Photo de famille des membres de la WILPF et du FEPPSAC © D.R

Ce jeudi 5 décembre 2018 s’est tenue à Libreville, une conférence de presse conjointe de la Ligue internationale des femmes pour la paix et la liberté (WILPF) et du Réseau des Femmes de médias pour la paix et la sécurité en Afrique centrale (FEPPSAC). Cette rencontre avait pour but de tirer la sonnette d’alarme quant à la fabrication des armes létales qui constitue une menace pour le monde en général et l’Afrique en particulier.

En effet, cette rencontre s’inscrit dans la volonté de ces deux organisations non gouvernementales à sensibiliser les pouvoirs publics et la presse sur les enjeux de la campagne contre les systèmes d’armes létales autonome autrement appelés « Robots tueurs ». Il faut dire que l’objectif recherché à travers ce plaidoyer est essentiellement axé sur la démilitarisation et la prévention des conflits, en s’attaquant aux causes profondes de ces derniers; la production et la prolifération des armes et munitions.

Le but de cette campagne intitulée Campaign to stop Killer robot est d’appeler tous les Etats membres de l’Organisation des nations unies, à s’engager à négocier sans délai un traité d’interdiction juridiquement contraignant pour déterminer comment et où fixer les limites de l’autonomie future dans les systèmes d’arme;  Préciser les contrôles humains nécessaires et d’adopter des politiques nationales et des législations pour empêcher le développement,la production, et l’utilisation d’armes entièrement autonomes.

S’exprimant  à l’issue de cette conférence, le Coordonnateur du Programme de désarmement de WILPF Cameroun Guy Blaise Feugap a expliqué le bien fondé de cette rencontre et la nécessité de sensibiliser les gouvernants sur cette question qui a une incidence indéniable sur le développement du continent africain.  « Nous sommes là dans le cadre d’une mission de plaidoyer que mène la campagne contre les robots tueurs, nous allons profiter de cette occasion pour rencontrer les autorités, les institutions, la société civile et les médias parce que nous savons que  ces acteurs sont en mesure de faire passer le message sur les dangers que représentent ces technologies », a-t-il  indiqué.

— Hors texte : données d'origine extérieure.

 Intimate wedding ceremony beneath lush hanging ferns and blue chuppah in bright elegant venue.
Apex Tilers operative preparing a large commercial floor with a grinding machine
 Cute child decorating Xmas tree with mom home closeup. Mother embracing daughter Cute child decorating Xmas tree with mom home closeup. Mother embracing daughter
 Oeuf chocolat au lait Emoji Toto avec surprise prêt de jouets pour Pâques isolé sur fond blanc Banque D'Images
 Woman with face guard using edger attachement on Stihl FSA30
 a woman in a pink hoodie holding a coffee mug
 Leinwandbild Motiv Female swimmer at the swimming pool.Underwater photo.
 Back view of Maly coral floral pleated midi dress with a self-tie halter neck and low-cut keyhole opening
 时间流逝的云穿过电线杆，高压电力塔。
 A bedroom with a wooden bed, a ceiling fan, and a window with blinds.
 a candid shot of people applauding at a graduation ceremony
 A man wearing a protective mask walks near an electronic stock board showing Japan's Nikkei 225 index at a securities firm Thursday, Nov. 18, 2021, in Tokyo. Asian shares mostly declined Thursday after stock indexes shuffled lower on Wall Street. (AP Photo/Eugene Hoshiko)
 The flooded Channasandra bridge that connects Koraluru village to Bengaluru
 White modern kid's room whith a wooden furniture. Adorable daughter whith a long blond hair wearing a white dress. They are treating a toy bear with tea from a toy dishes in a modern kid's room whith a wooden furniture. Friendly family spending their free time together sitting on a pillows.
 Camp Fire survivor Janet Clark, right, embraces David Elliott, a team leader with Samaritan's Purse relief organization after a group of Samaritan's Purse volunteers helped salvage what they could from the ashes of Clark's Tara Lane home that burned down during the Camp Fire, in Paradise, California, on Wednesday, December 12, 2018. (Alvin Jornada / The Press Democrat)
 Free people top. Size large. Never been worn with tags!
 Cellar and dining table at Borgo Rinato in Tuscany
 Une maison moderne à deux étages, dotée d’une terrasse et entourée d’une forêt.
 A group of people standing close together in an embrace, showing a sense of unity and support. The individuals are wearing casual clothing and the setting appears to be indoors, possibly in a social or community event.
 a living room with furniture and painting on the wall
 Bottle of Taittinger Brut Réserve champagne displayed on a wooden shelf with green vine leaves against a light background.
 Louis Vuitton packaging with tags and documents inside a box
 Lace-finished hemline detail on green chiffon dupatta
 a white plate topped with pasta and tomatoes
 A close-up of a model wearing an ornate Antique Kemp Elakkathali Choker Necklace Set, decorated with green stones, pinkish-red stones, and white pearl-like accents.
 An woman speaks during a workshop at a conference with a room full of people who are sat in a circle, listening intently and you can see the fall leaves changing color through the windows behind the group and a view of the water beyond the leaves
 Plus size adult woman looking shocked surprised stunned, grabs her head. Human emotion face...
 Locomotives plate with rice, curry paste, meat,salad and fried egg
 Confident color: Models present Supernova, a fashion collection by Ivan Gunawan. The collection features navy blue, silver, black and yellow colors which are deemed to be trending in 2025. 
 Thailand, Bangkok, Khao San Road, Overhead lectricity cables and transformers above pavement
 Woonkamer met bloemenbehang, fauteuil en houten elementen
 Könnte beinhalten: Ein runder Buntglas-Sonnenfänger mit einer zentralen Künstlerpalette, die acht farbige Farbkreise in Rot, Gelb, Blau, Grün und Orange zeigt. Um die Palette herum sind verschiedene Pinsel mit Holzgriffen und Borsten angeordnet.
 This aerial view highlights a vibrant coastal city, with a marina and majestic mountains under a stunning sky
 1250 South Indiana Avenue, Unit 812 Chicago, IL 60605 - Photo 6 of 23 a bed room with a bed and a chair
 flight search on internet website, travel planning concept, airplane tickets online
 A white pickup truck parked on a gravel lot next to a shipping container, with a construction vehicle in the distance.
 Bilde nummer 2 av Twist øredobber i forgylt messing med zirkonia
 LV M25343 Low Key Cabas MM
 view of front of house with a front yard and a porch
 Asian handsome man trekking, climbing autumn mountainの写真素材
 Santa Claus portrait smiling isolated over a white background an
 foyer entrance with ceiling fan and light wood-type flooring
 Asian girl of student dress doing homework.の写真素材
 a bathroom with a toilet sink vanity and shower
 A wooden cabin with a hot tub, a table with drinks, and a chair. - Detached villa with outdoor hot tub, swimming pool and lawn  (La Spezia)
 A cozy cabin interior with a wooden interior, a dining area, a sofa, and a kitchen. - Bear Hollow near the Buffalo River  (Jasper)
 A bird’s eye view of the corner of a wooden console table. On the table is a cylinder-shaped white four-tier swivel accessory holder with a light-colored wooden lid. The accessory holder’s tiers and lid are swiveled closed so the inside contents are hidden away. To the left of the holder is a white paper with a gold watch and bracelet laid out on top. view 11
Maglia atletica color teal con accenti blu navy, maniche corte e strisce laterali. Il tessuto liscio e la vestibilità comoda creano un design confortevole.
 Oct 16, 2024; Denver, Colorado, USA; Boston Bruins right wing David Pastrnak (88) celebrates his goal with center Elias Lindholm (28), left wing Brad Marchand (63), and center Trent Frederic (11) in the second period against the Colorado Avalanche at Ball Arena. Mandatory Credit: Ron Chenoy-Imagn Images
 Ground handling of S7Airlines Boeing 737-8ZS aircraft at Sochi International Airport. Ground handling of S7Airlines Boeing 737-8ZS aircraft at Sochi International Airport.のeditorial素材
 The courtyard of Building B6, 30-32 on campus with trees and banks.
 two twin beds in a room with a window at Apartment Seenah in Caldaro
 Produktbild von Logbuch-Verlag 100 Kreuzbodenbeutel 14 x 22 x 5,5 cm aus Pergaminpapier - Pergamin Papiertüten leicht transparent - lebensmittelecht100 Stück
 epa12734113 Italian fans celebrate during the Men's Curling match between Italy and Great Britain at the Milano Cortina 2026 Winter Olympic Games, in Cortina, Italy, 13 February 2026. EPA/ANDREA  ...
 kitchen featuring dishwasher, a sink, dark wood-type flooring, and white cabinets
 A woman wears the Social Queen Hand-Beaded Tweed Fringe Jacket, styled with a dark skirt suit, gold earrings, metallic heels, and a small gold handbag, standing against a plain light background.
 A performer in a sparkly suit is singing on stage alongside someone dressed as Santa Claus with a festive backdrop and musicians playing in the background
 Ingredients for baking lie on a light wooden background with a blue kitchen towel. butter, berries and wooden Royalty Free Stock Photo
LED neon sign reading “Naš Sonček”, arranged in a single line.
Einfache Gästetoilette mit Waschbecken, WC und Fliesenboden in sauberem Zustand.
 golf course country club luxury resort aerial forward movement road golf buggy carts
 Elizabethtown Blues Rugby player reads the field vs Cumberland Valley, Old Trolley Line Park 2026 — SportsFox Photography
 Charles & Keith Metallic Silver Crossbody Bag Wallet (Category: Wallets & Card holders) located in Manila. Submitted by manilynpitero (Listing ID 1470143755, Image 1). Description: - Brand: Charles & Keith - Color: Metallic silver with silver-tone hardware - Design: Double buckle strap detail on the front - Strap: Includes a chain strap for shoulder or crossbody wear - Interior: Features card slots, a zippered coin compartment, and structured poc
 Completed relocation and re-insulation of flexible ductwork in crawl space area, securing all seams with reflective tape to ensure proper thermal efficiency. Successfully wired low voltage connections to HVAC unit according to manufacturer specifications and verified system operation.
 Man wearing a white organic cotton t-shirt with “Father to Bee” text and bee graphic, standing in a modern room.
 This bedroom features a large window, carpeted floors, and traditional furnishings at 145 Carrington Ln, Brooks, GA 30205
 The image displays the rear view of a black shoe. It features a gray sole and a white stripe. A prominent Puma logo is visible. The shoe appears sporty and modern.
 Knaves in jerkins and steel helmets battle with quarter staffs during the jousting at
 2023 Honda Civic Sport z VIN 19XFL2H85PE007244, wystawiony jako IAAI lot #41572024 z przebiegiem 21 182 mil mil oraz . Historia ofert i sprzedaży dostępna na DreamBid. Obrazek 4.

C’est donc en considérant les idéaux de paix prônés par le Gabon que la Coordonnatrice Afrique centrale du Réseau des femmes de presse pour la paix et la sécurité Melissa Bendome, a accepté de parrainer cette campagne contre les robots tueurs, à la demande de la  WILPF. « Nous avons pensé que ce serait une bonne chose d’interpeller nos autorités sur cette menace qui peut dans un futur, nous ne le souhaitons pas  présente une menace pour la paix dans notre pays », a-t-elle souligné.